Records contained in a dataset
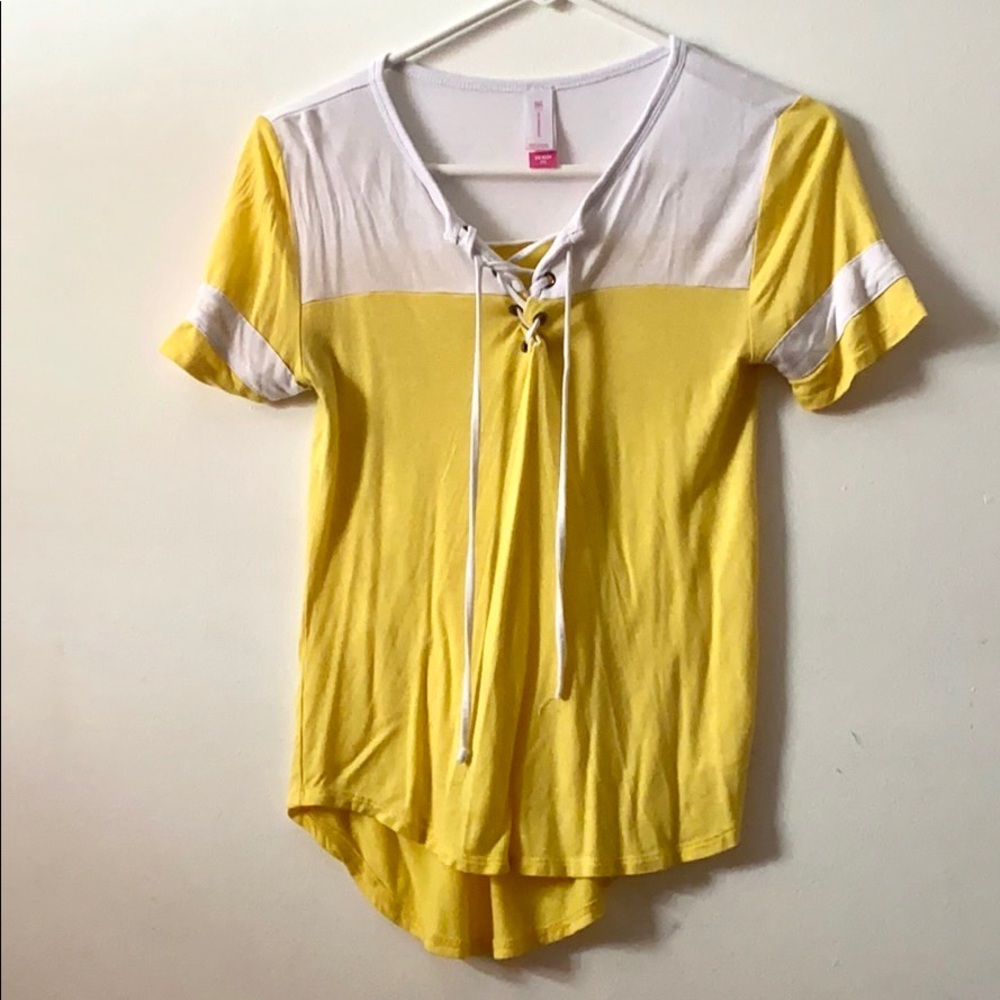 Comfortable yellow t shirt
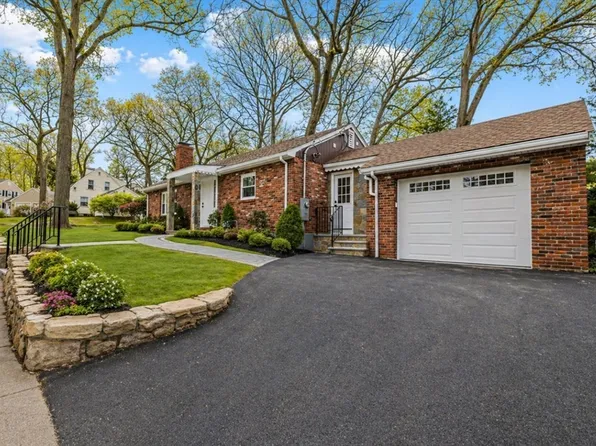 78 Windemere Cir, Braintree, MA 02184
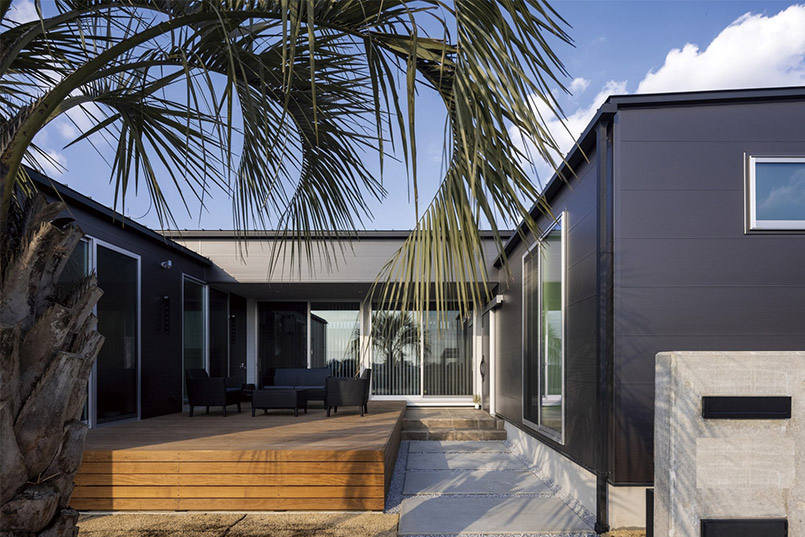 素材が光るコの字型の平屋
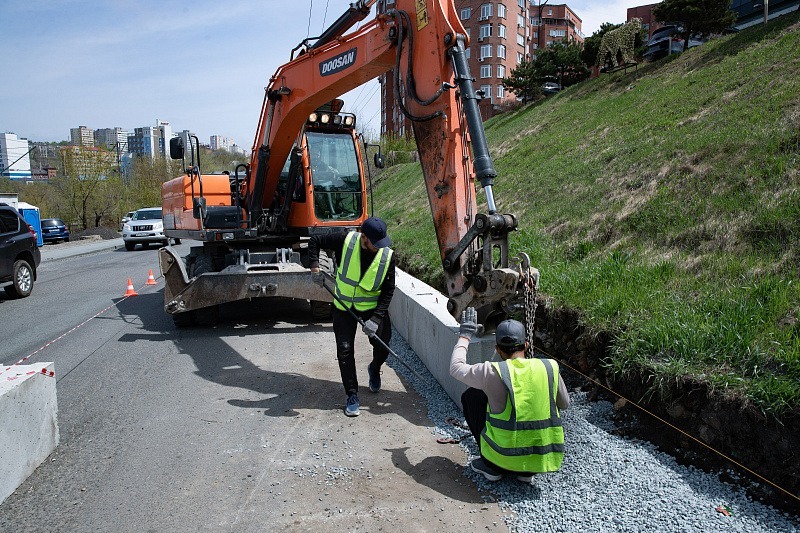 Большой ремонт на трех улицах Владивостока начался благодаря нацпроекту «БКД»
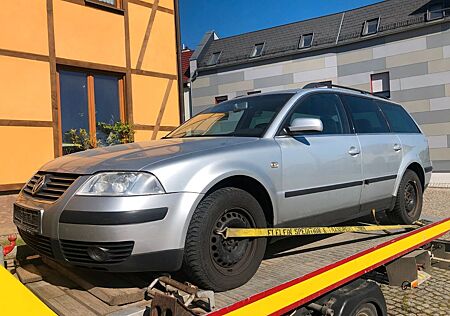 VW Passat Variant Volkswagen 2.0 Auto Family Variant nur 650,-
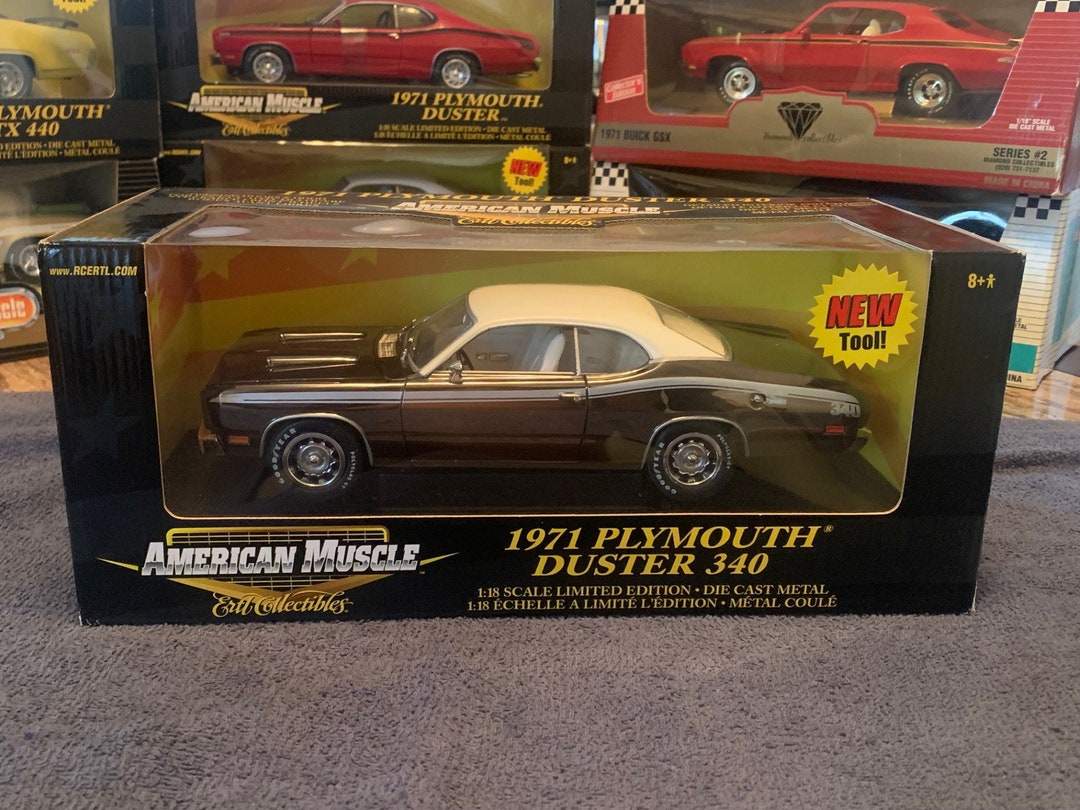 ミニカー AMERICAN MUSCLE 1971 PLYMOUTH DUSTER 340 1971 Plymouth Duster 340 - Red/Black 1:18 Diecast Model by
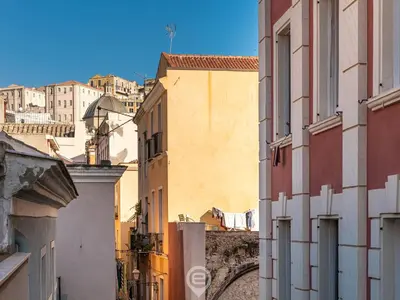 Vista generica su Cagliari o vista sulla città dall'interno dell'appartamento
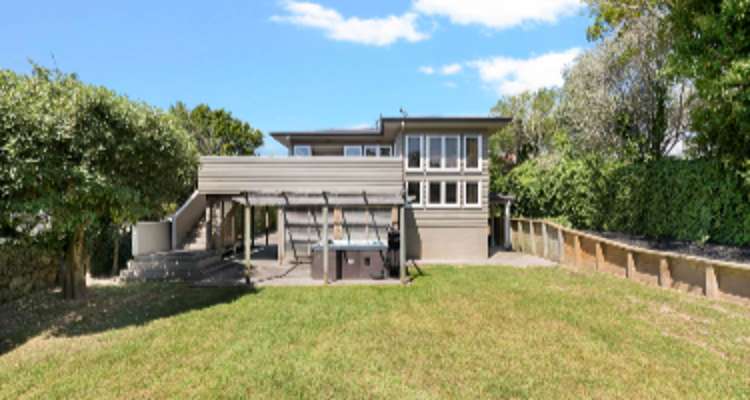 124 Whangaparaoa Road_0
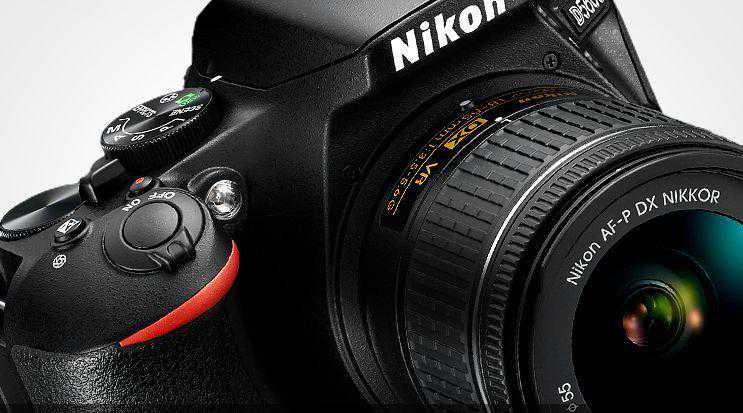 摄影：佳能800D、尼康D5600哪个更适合摄影新手？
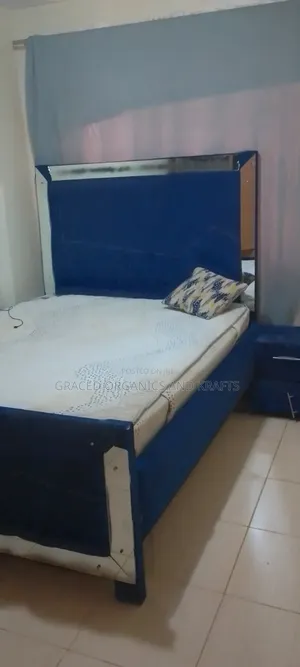 5*6 Bed Without Matress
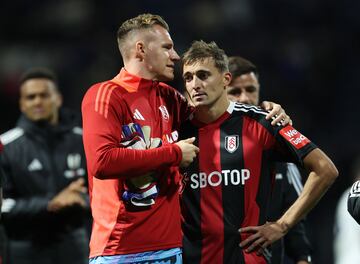 Bernd Leno y Timothy Castagne, jugadores del Fulham, tras la eliminación en Carabao Cup ante el Preston North End.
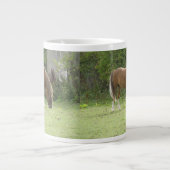 栗の茶色の馬の放牧マグカップ ジャンボコーヒーマグカップ (正面)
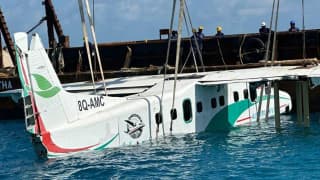 Maldives sinks two retired aircraft to create an unusual underwater reef; coral restoration begins in 2026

▶ WHAT THIS TASK INVOLVES
Return the lines of the data above in full and exactly, with no pictures.

▶ RESULT BELOW
 Comfortable yellow t shirt
 78 Windemere Cir, Braintree, MA 02184
 素材が光るコの字型の平屋
 Большой ремонт на трех улицах Владивостока начался благодаря нацпроекту «БКД»
 VW Passat Variant Volkswagen 2.0 Auto Family Variant nur 650,-
 ミニカー AMERICAN MUSCLE 1971 PLYMOUTH DUSTER 340 1971 Plymouth Duster 340 - Red/Black 1:18 Diecast Model by
 Vista generica su Cagliari o vista sulla città dall'interno dell'appartamento
 124 Whangaparaoa Road_0
 摄影：佳能800D、尼康D5600哪个更适合摄影新手？
 5*6 Bed Without Matress
 Bernd Leno y Timothy Castagne, jugadores del Fulham, tras la eliminación en Carabao Cup ante el Preston North End.
 栗の茶色の馬の放牧マグカップ ジャンボコーヒーマグカップ (正面)
 Maldives sinks two retired aircraft to create an unusual underwater reef; coral restoration begins in 2026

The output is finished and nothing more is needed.